● Required action
Every line below from the one containing "KHAITE Audrey Clutch Bag - Black" through the one containing "Mercedes-Benz GLC 300" must be transcribed exactly. Omit all lines outside that stretch.

● Data
• • • • •
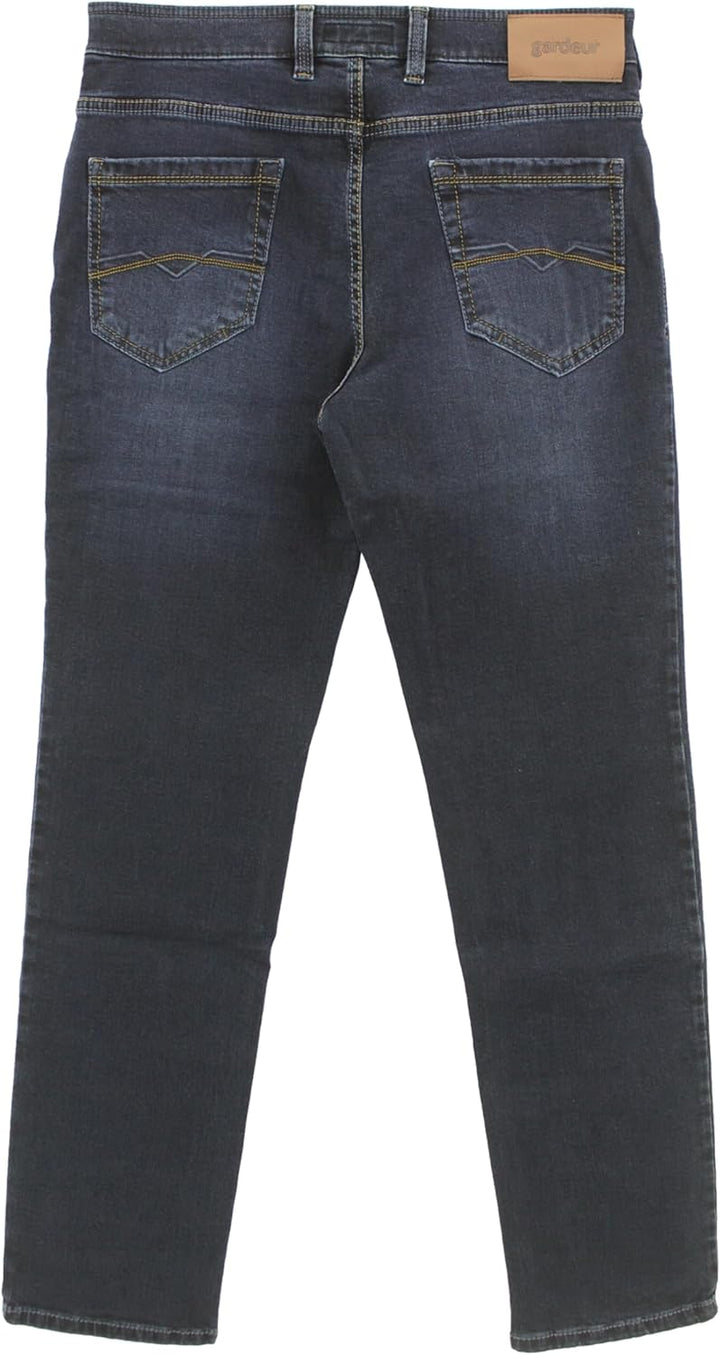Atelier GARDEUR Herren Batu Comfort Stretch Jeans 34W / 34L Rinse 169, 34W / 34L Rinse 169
• • • • •
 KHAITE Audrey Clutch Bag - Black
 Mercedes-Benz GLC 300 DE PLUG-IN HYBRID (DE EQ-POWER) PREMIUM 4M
• • • • •
● Your response
 KHAITE Audrey Clutch Bag - Black
 Mercedes-Benz GLC 300 DE PLUG-IN HYBRID (DE EQ-POWER) PREMIUM 4M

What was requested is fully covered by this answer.